Por Iván Gómez (@sanchessinz)

 

Al hablar de literatura contemporánea es difícil saber cuáles obras se leerán dentro de 100 años y cuáles no. Resulta curioso que la obra de ciertos escritores que tuvieron reflectores durante sus años de producción se relegue al olvido al pasar los años; y en cambio, libros de autores poco conocidos envejecieron con mayor presencia gracias a la revaloración de una figura de autoridad o de todo un aparato comunicativo.

 

Tal es el caso de Herman Melville, que fue valorado hasta un siglo después de su natalicio, o de Jorge Ibargüengoitia, quien gracias a escritores como Juan Villoro fue adquiriendo reconocimiento (antes no era considerado un autor serio por el amplio sentido del humor que refleja en sus novelas). Lo mismo se puede decir de Elena Garro, Alfonso Reyes o Francisco Tario –aunque a él aún le falta mayor difusión.

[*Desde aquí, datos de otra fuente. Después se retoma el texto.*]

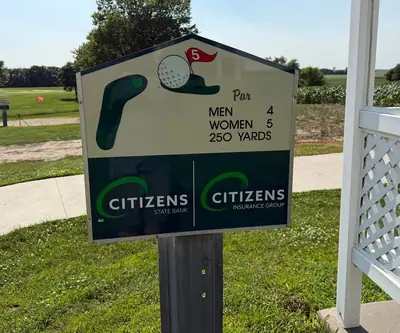 Hole 5 sign listing par and 250 yards near the cart path at Shell Creek Valley Golf Course in Newman Grove, Nebraska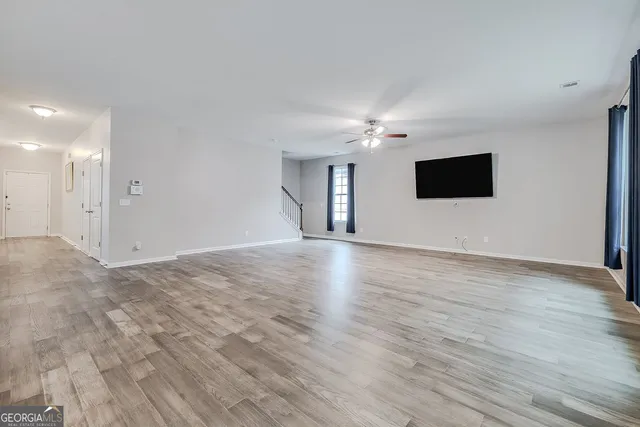 a view of a livingroom with wooden floor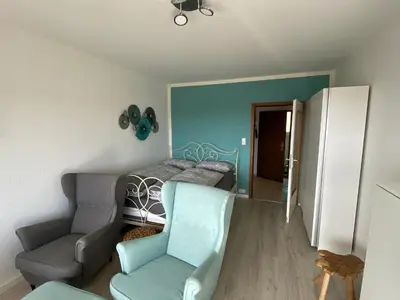 Ein Sitzbereich in der Unterkunft Apartment Harzblick -NEU MODERNISIERT-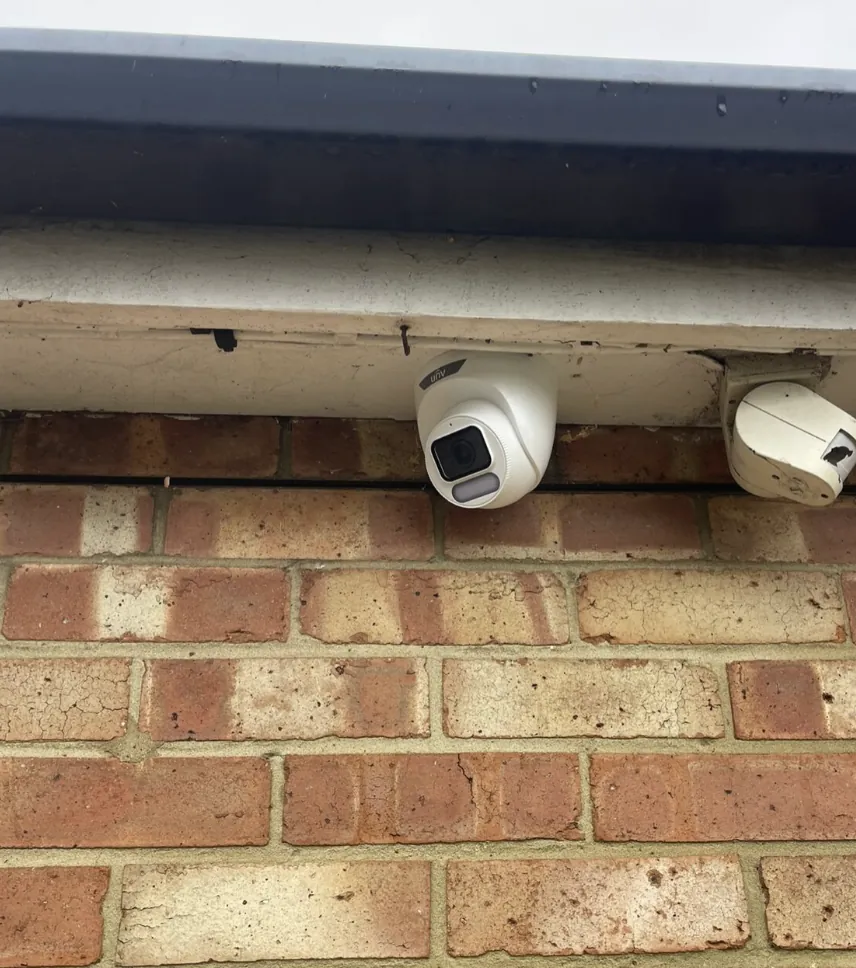 Two CCTV cameras mounted neatly under a soffit on a brick house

En ese grupo entra Amparo Dávila (Zacatecas. 1928), la mejor escritora mexicana de cuentos fantásticos.

 

Aun con premios como el “Xavier Villaurrutia” de 1977, su obra no recibió la valoración que merecía hasta entrados los 2000. El Premio Bellas Artes de Cuento “Amparo Dávila” y el Premio Nacional de Cuento Fantástico “Amparo Dávila” han ayudado a difundir su imagen y obra. Basta con leer cuentos como “El huésped” (que narra la irrupción de un extraño inquilino –humano o no– en la vida de una familia), “Matilde Espejo” (una pareja joven se hace amiga de una anciana melancólica que un día es apresada), “Alta cocina mexicana” (la evocación de una receta familiar que incluye a un extraño animal del cual se dice muy poco) o “El patio cuadrado” (la transición de una persona de la vida y la muerte) para entender la ambigüedad –que, como diría Borges[1]: es una riqueza– impregnada en cada uno de sus relatos. Este último, “El patio cuadrado”, se encuentra en Árboles petrificados.

 

Publicado por primera vez en Joaquín Mortiz, en 2017 Nitro Press lanzó una edición conmemorativa que incluye los comentarios de Alberto Chimal, Bernardo Esquinca, Evodio Escalante, Marianne Toussaint y Karen Chacek, reunidos por Jonathan Minila.

 

Compuesto de 12 cuentos, cada uno resulta más paralizante que el anterior, como si su estructura estuviera pensada para llevar de la exclamación al miedo y luego a la intriga; otros funcionan como descanso para regresar de nuevo a la sorpresa. Al pasar los primeros tres (“El patio cuadrado”, “La rueda” y “La noche de las guitarras rotas”) es posible entrever algunos elementos que se repiten en cada uno y forman el efecto de unidad que hacen a la antología vigente: los ambientes lúgubres en donde difícilmente se puede distinguir el mundo real del relativo a la muerte, la tristeza impregnada en cada oración, las voces femeninas –aunque no en todos– y una constante sensación de que está por ocurrir algo que cambiará el curso de la historia, tal y como ocurre en “Estocolmo 3”, que más allá del final, el mérito radica en la creciente tensión que se marca casi desde el inicio.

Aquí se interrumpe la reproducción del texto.